◆ **Recorded data**

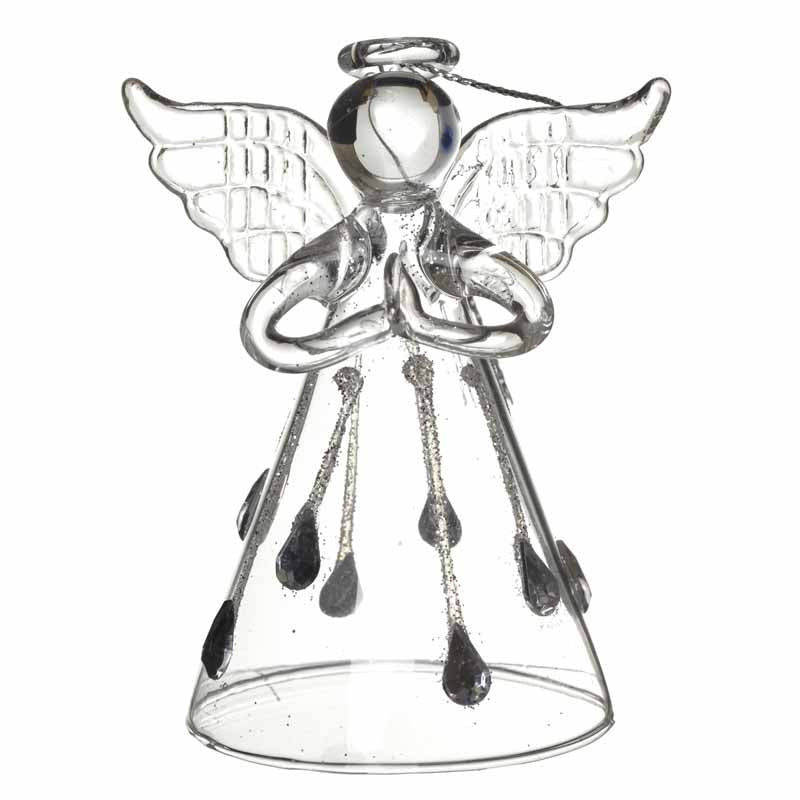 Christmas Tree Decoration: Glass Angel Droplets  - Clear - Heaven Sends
...
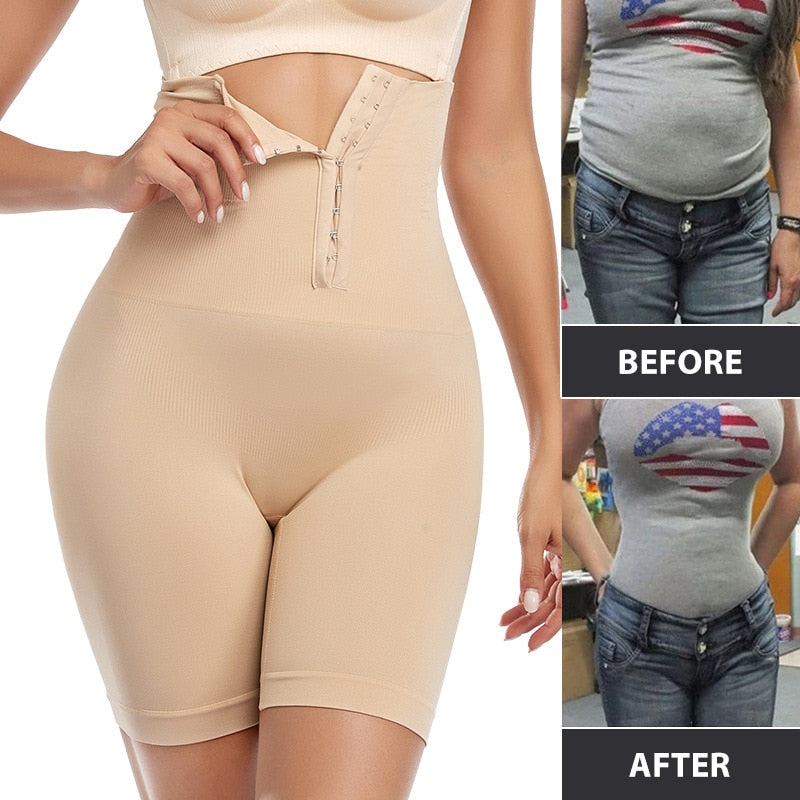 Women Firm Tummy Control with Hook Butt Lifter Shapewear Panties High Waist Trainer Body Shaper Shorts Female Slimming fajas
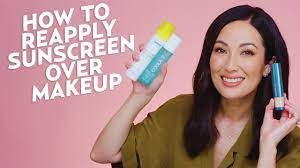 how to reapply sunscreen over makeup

◆ **Exercise directions**
Set the pictures aside and transcribe exactly the stretch of lines above, beginning with the one holding "Women Firm Tummy" and ending with the one holding "how to reapply sunscreen over makeup".

◆ **Exercise output**
 Women Firm Tummy Control with Hook Butt Lifter Shapewear Panties High Waist Trainer Body Shaper Shorts Female Slimming fajas
 how to reapply sunscreen over makeup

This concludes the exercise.